As part of its support to the apartheid "Israeli" entity, the United States plans to formally withdraw from UNESCO, the UN's Paris-based cultural, scientific and educational organization, to save money.
The US decision came to protest what it claimed as UNESCO's anti-"Israel" bias.
According to reports, the US move, which could be announced as early as next week, won't ban its presence at UNESCO as an observer state.
Secretary of State Rex Tillerson made the decision several weeks ago, and told French President Emmanuel Macron Washington was considering leaving during a meeting with President Donald Trump in late September on the sidelines of the UN General Assembly. Macron was seeking Trump's support for a French candidate seeking the top job at UNESCO.
The State Department wanted to delay its departure until after UNESCO selects a new director general this week. The two front runners are the former French culture minister, Audrey Azoulay, and a Qatari diplomat, Hamad bin Abdulaziz Al-Kawari. China's nominee and early frontrunner, Qian Tang, has seen his candidacy crater.
France is looking for more than just US support for Azoulay: It also wants continued global engagement from an administration that has been reluctant to do so.
"We hope the US will take the decision to stay within UNESCO," France's UN ambassador, Francois Delattre said in an interview Wednesday. "For us, it is important to have the United States on board, including at UNESCO at this critical juncture," he added. "We consider the US must stay committed to world affairs."
Six years ago, the United States cut off more than $80 million a year, about 22 percent of its entire budget for UNESCO, in reprisal for its acceptance of Palestine as a member. The Obama administration said it had to cut funds because a 1990s-era law prohibits US funding for any UN agencies recognizing Palestine as a state.

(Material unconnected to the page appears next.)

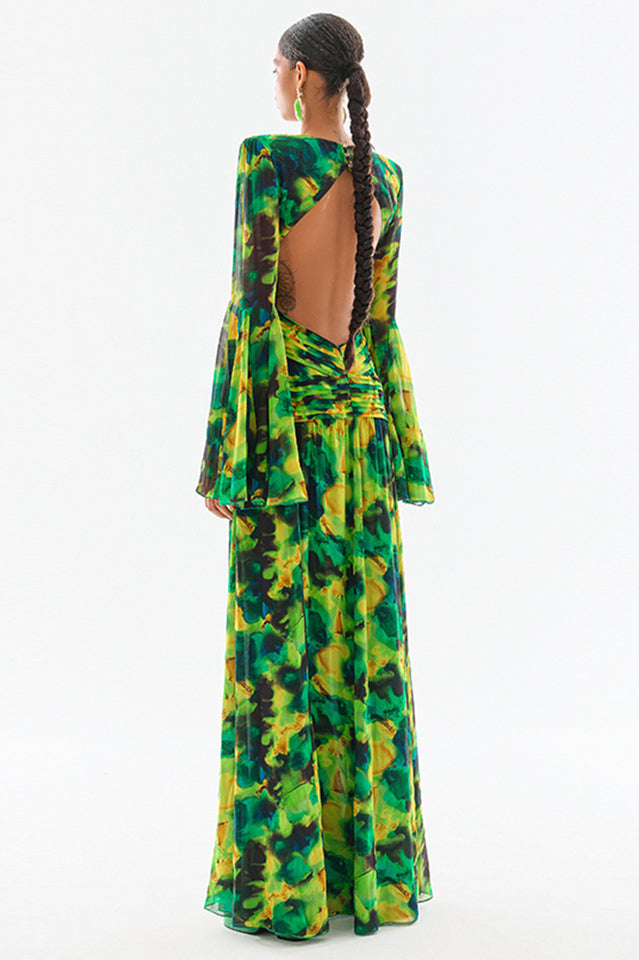 Bell Sleeve Printed Gown
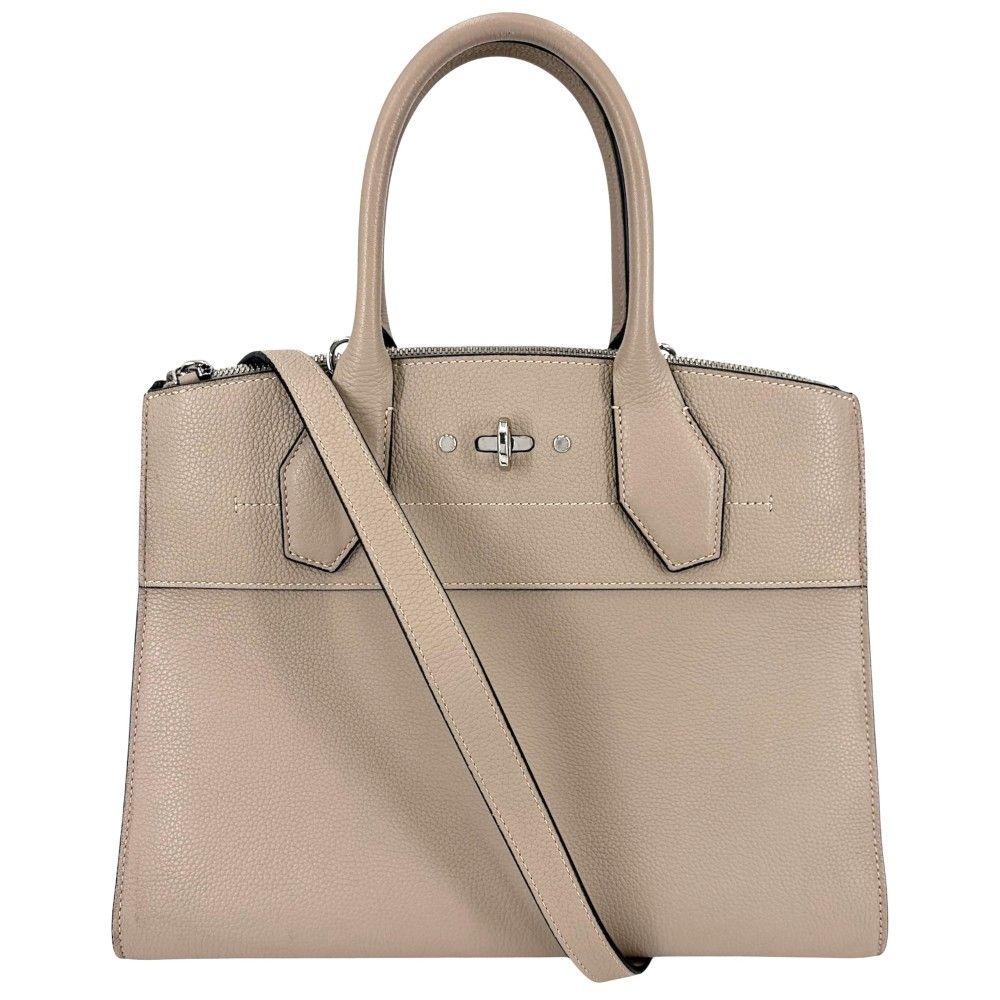 Louis Vuitton 2-Way City Steamer Shoulder Bag Taurillon Leather Gale Silver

Despite the funding cut, the United States remains a member of UNESCO, and even has a vote on the executive board, which selects the new director general. But the United States has and it continues to be charged tens of millions in dues each year and has lost its voting rights in UNESCO's principal decision-making body, which is known as the General Conference. That body approves UNESCO's budget and establishes a range of programs dealing with education, science, and culture around the globe.
As a result of US funding cuts, US arrears have been swelling each year, surpassing $500 million that's owed to UNESCO. Tillerson wants to stop the bleeding.